Involution words are variations of reduced words for twisted involutions in Coxeter groups. They arise naturally in the study of the Bruhat order, of certain Iwahori-Hecke algebra modules, and of orbit closures in flag varieties. Specifically, to any twisted involutions $x$, $y$ in a Coxeter group $W$ with automorphism $*$, we associate a set of involution words $\hat{\mathcal{R}}_*(x,y)$. This set is the disjoint union of the reduced words of a set of group elements $\mathcal{A}_*(x,y)$, which we call the atoms of $y$ relative to $x$. The atoms, in turn, are contained in a larger set $\mathcal{B}_*(x,y) \subset W$ with a similar definition, whose elements we refer to as Hecke atoms. Our main results concern some interesting properties of the sets $\hat{\mathcal{R}}_*(x,y)$ and $\mathcal{A}_*(x,y) \subset \mathcal{B}_*(x,y)$. For finite Coxeter groups we prove that $\mathcal{A}_*(1,y)$ consists of exactly the minimal-length elements $w \in W$ such that $w^* y \leq w$ in Bruhat order, and conjecture a more general property for arbitrary Coxeter groups.
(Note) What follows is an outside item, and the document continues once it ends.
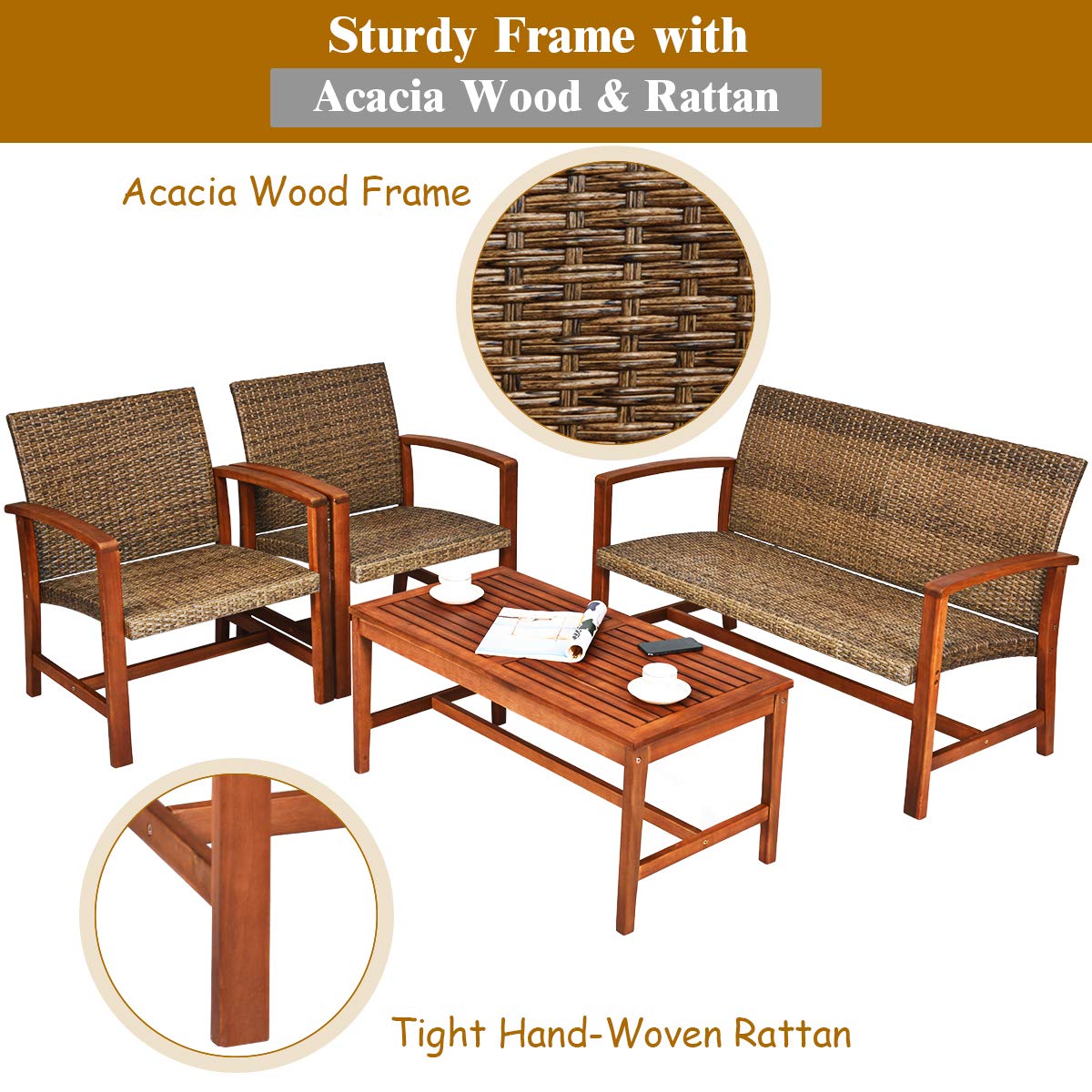 Tangkula 4 PCS Patio Acacia Wood Rattan Conversation Set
In type $A$, we describe a simple set of conditions characterizing the sets $\mathcal{A}_*(x,y)$ for all involutions $x,y \in S_n$, giving a common generalization of three recent theorems of Can, Joyce, and Wyser. We show that the atoms of a fixed involution in the symmetric group (relative to $x=1$) naturally form a graded poset, while the Hecke atoms surprisingly form an equivalence class under the "Chinese relation" studied by Cassaigne, Espie, et al. These facts allow us to recover a recent theorem of Hu and Zhang describing a set of "braid relations" spanning the involution words of any self-inverse permutation. We prove a generalization of this result giving an analogue of Matsumoto's theorem for involution words in arbitrary Coxeter groups.